Es wurde eine «Hotline» eingerichtet, über die sich ausschließlich die Mitarbeiterinnen und Mitarbeiter der Firma melden können. Anfragen zu sozialen Anliegen werden dann direkt entgegen genommen. Dazu gehören plötzlich auftrende soziale Notlagen genauso, wie allgemeine Lebensfragen, Eirziehungsberatung, wie Fragen rund um die Versorgung von Pflegebedürftigen. Eine eventuell notwendige Vermittlung in Fachdienste des Trägers oder anderen kann dann umgehend erfolgen.*

Blattwerk Gartengestaltung GmbH: Der Pflegefall geht vor, das Betriebliche kann anders organisiert werden.

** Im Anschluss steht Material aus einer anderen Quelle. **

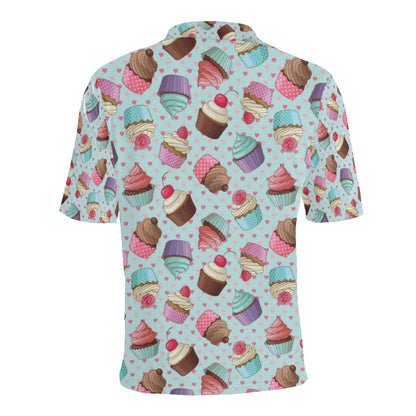 Cupcakes Fancy Heart Print Pattern Men Polo Shirt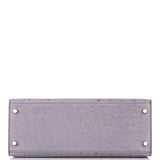 Hermes Kelly 28cm Bi-Color Gris Agate and Gris Perle Ostrich Sellier  Brushed Gold Hardware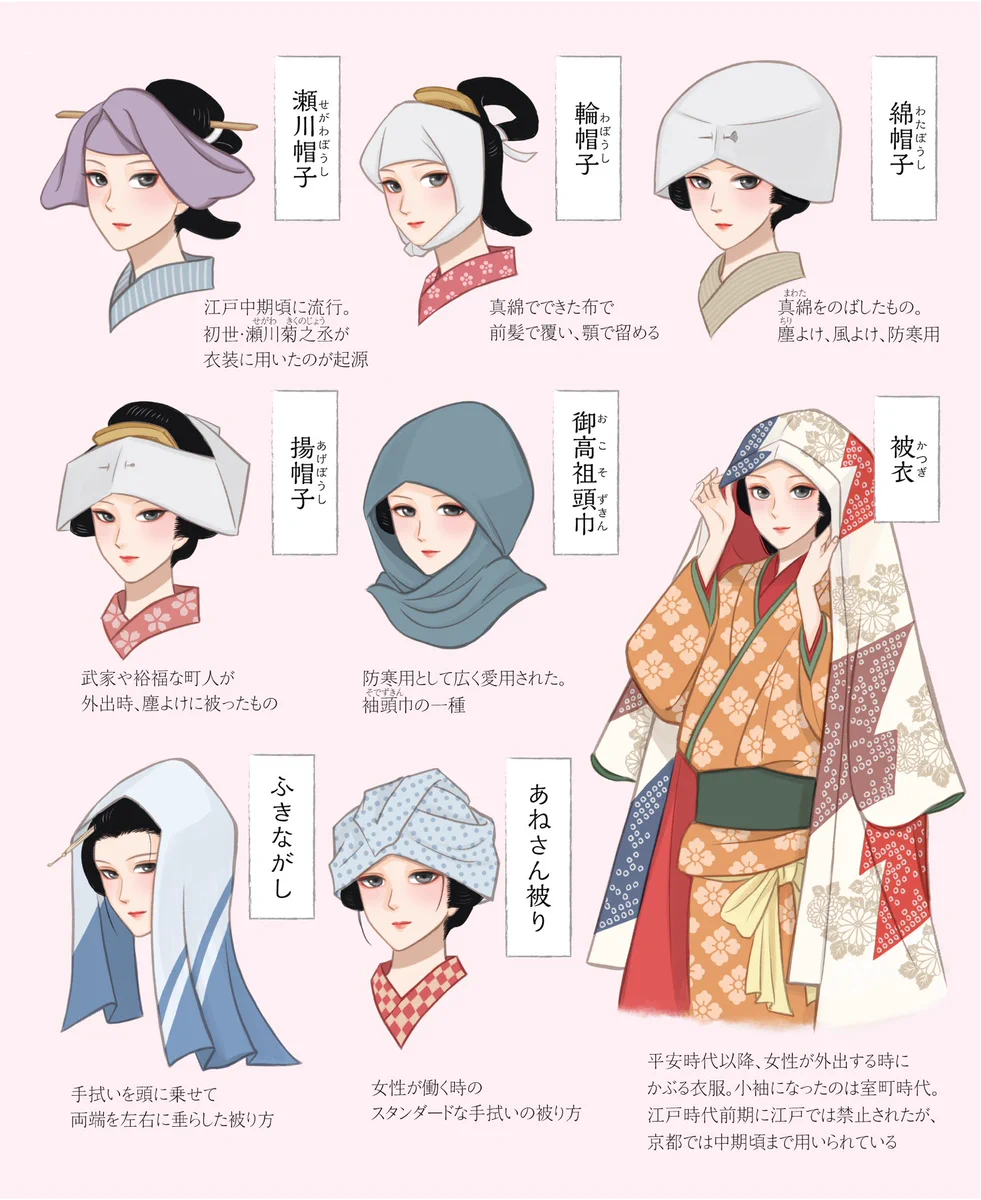 《江戸時代》女性の被りものまとめ！スタンダードから防寒用まで沢山あるっっ!!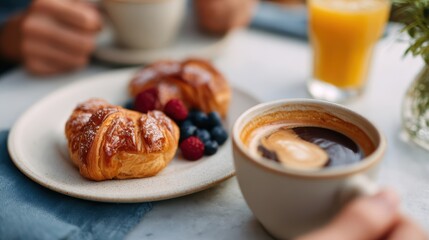 Friends enjoying a weekend brunch at a trendy coffee with coffee and pastries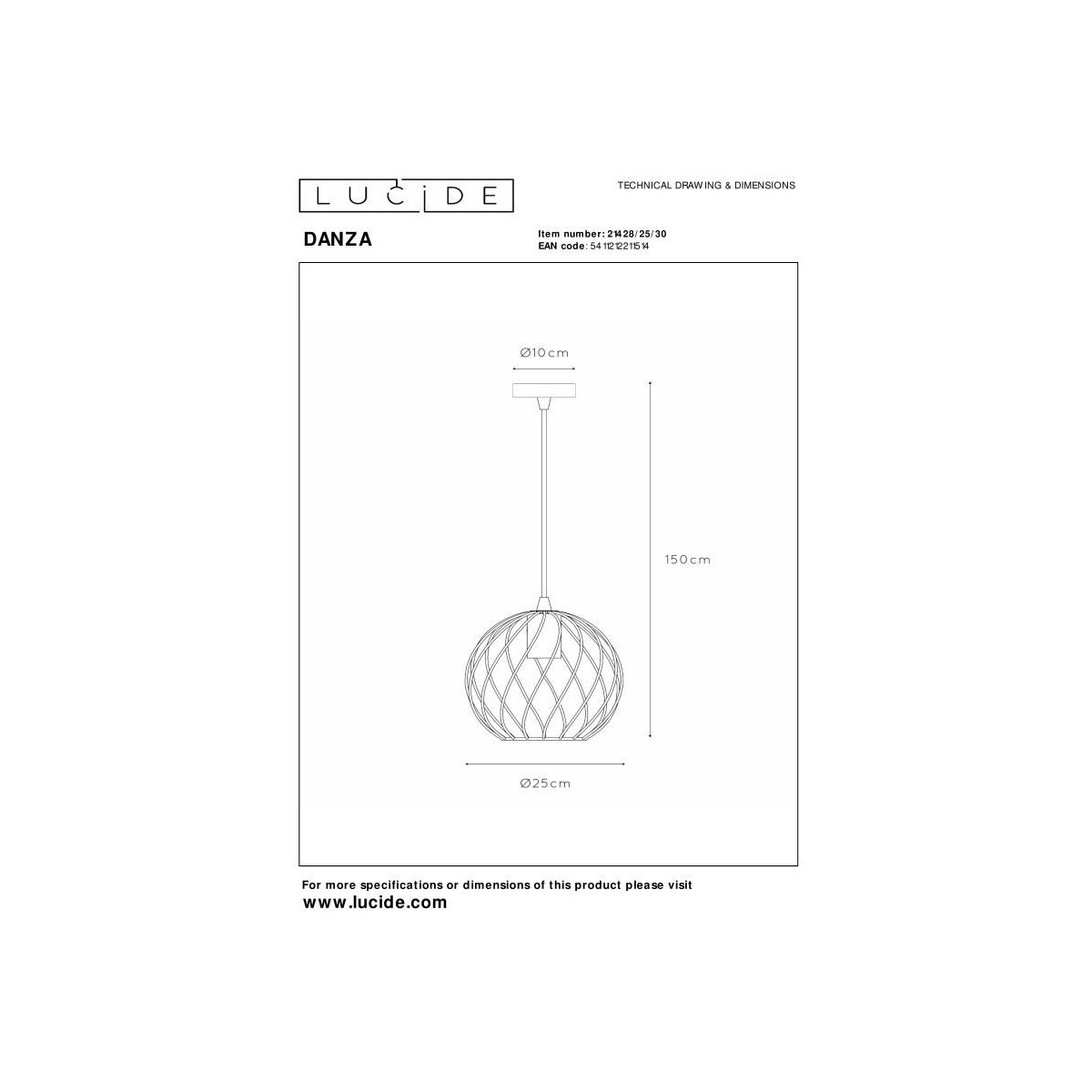Lucide 21428/25/30 DANZA - Lampa wisząca - 25 cm - 1xE27 - Czarna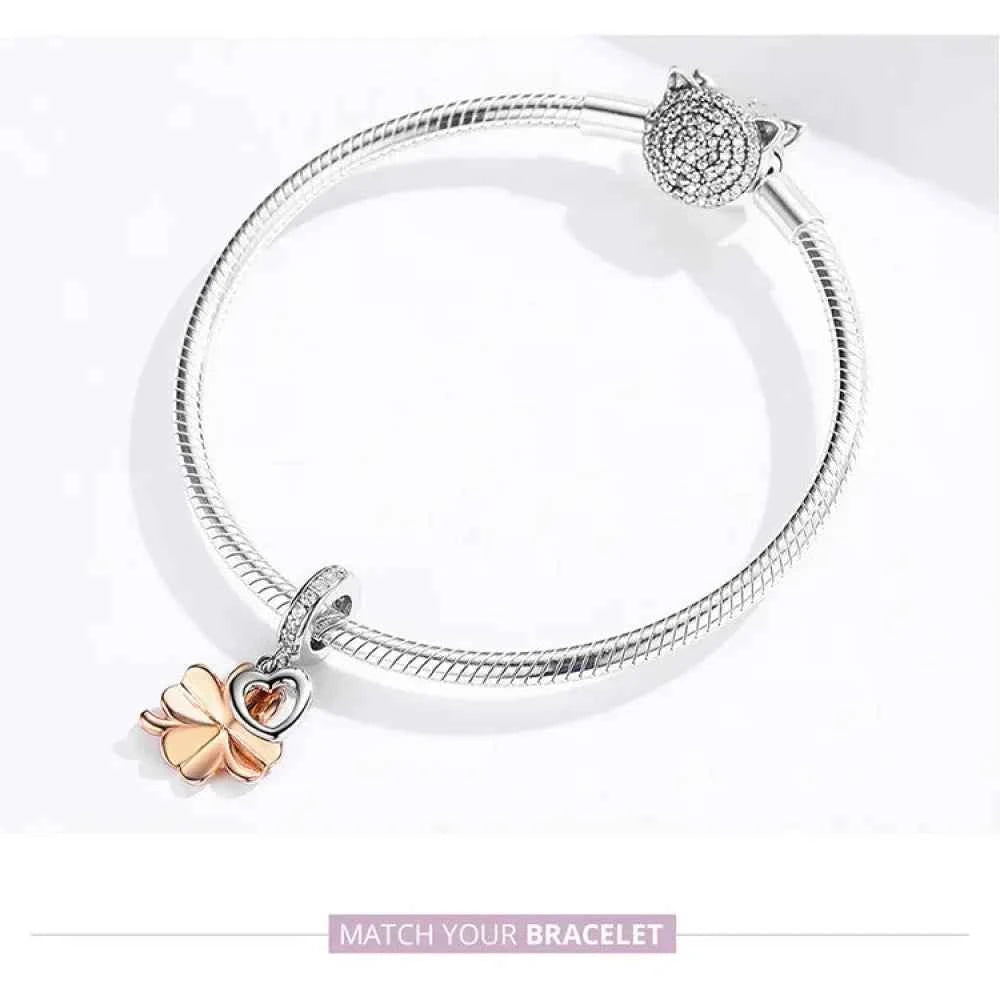 925 Sterling Silver Gardon Lucky Clover Charm - Scc1238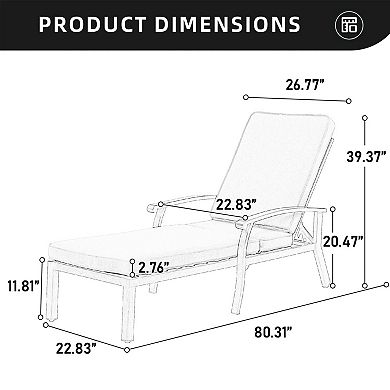 Eazegath Outdoor Cast Aluminum Adjustable Chaise Lounge Chair with Wheels and Armrests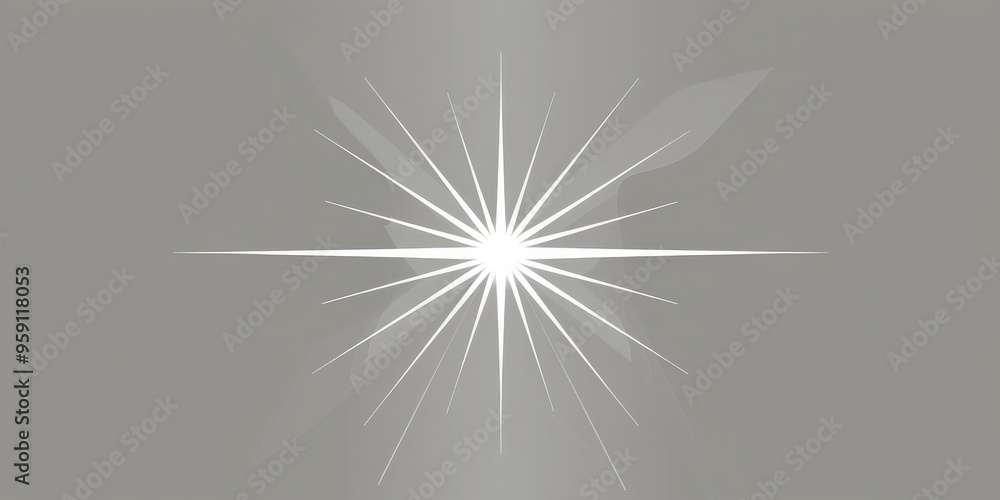 Poster a simple white line drawing on a silver background of a star with sharp points. the minimalist desig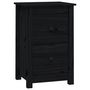Voir la diapositive 2 : VIDAXL Table de chevet Noir 40x35x61,5 cm Bois de pin massif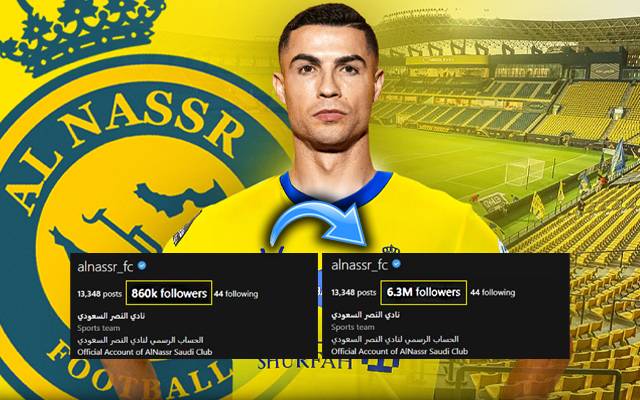رونالڈو کی النصرکلب میں شمولیت، انسٹاگرام فالوورز میں ریکارڈ اضافہ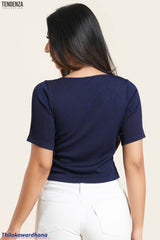 Tendenza Scoop Neckline Rib Top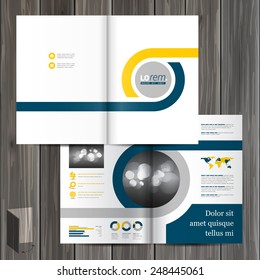 White classic brochure template design with blue and yellow geometric elements. Cover layout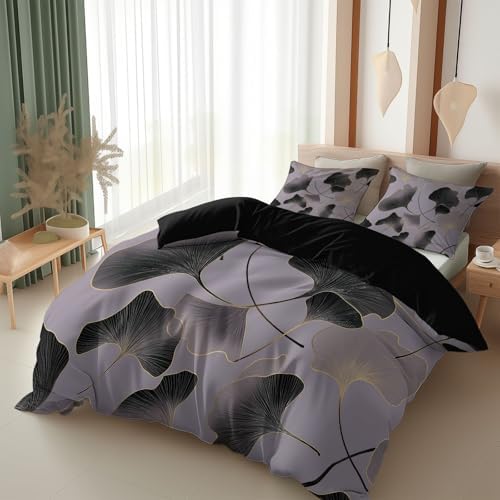 Soft Gray Texture Duvet Cover King Size, Printed Bedding Set 3 Pieces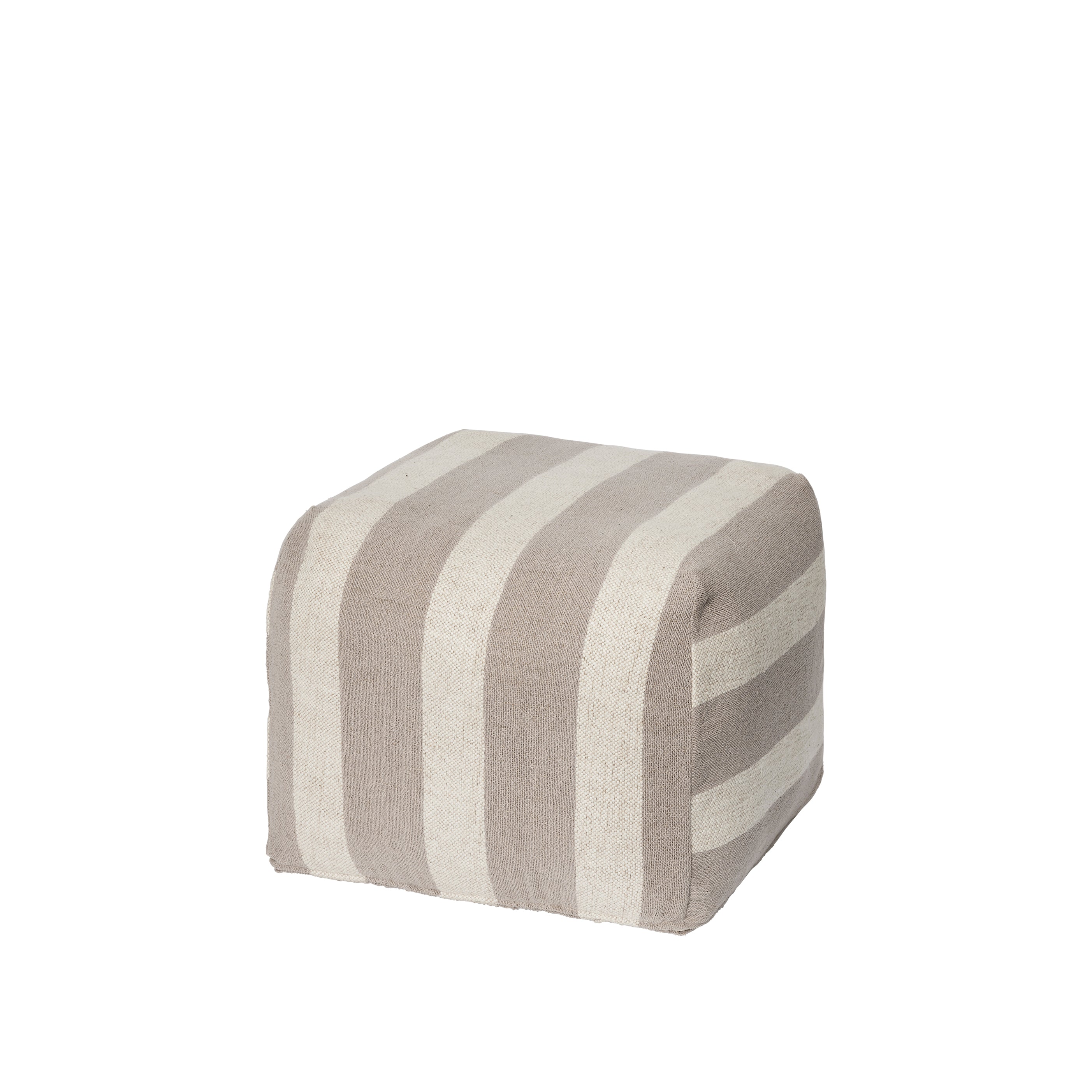 Πουφ Sigrid Ριγέ Μπεζ/ Off White  75% Βαμβάκι/ 25% Λινό W50 x D50 x H38cm Broste Copenhagen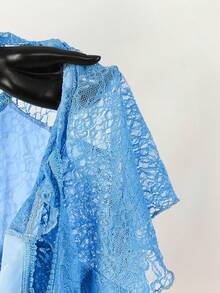 Amplova 女士褶皱前片修身性感网纱拼接短袖露背休闲度假短款背心 - 藍色 - 查看 11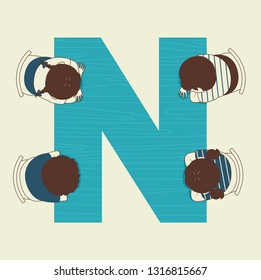 Illustration of Kids Students Taking a Nap on Letter N Table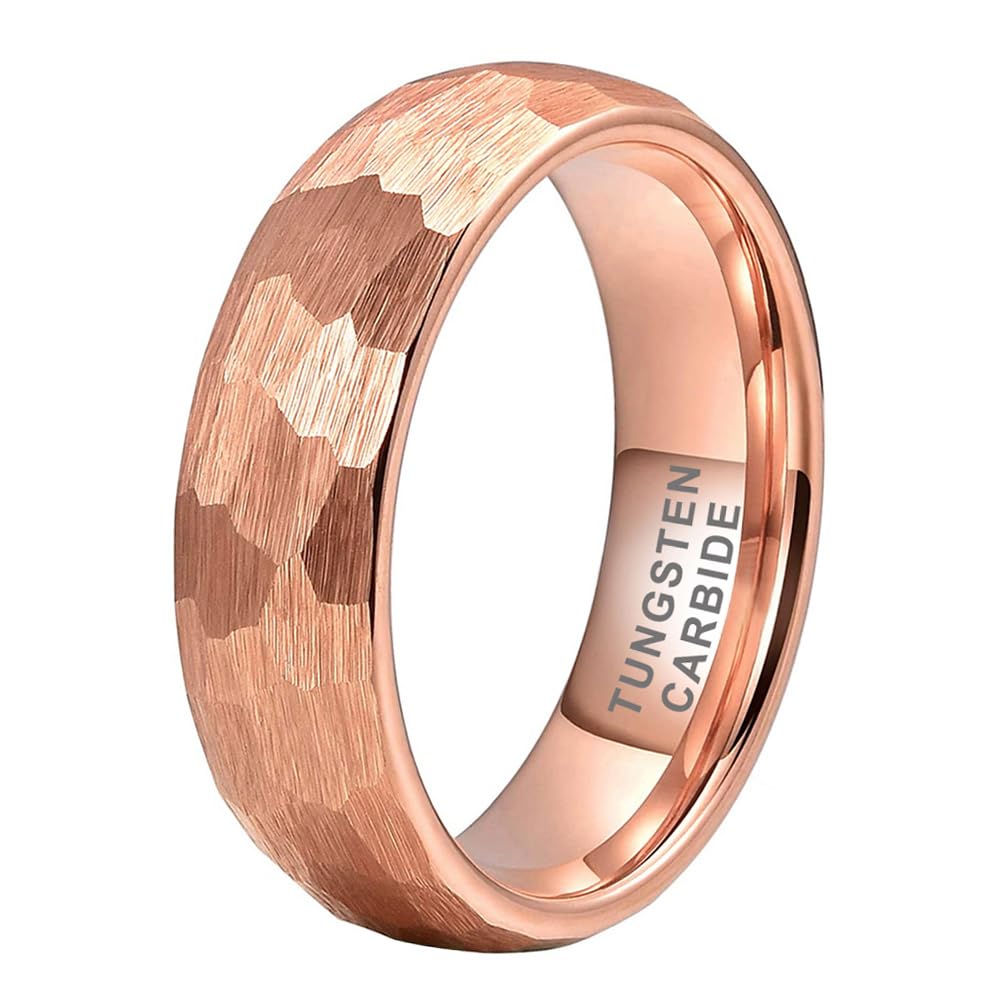 TUTISS 6mm Rose Gold Hammered Tungsten Rings for Men Women Engagement Wedding Bands Domed Matte Finish Comfort Fit Size 9.5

Pflege von Angehörigen und private Notsituationen führen zu einem Betrieb von 30 Beschäftigten recht schnell zu spürbaren Engpässen. Dennoch hat sich die Blattwerk Gartengestaltung in Stuttgart zum Ziel gesetzt, allen Mitarbeiterinnen und Mitarbeitern den Rücken frei zu halten, wenn sie mit diesen Situationen konfrontiert sind. Reduzierung von Arbeitszeit und kurzfristiger, auch unbezahlter Urlaub, sind grundsätzlich immer möglich und werden von den Mitarbeiterinnen und Mitarbeitern auch genutzt.*

Landratsamt Göppingen: Vereinbarkeit von Beruf und Pflege – Unterstützung pflegender Angehöriger als Zukunftsaufgabe

Um die Vereinbarkeit von Erwerbsleben und häuslicher Pflege zu erhöhen, hat das Landratsamt Göppingen für Beschäftigte mit pflegebedürftigen Angehörigen Informations- und Beratungsangebote sowie Austauschmöglichkeiten geschaffen. In den Jahren 2013 bis 2015 wurde die aus drei Modulen bestehende Inhouse-Veranstaltungsreihe «Vereinbarkeit von Beruf und Pflege» konzipiert und durchgeführt.*

* Quelle: Gesellschaftsreport BW: Vereinbarkeit von häuslicher Pflege und Erwerbstätigkeit. Ministerium für Soziales und Integration Baden-Württemberg, Familienforschung Baden-Württemberg.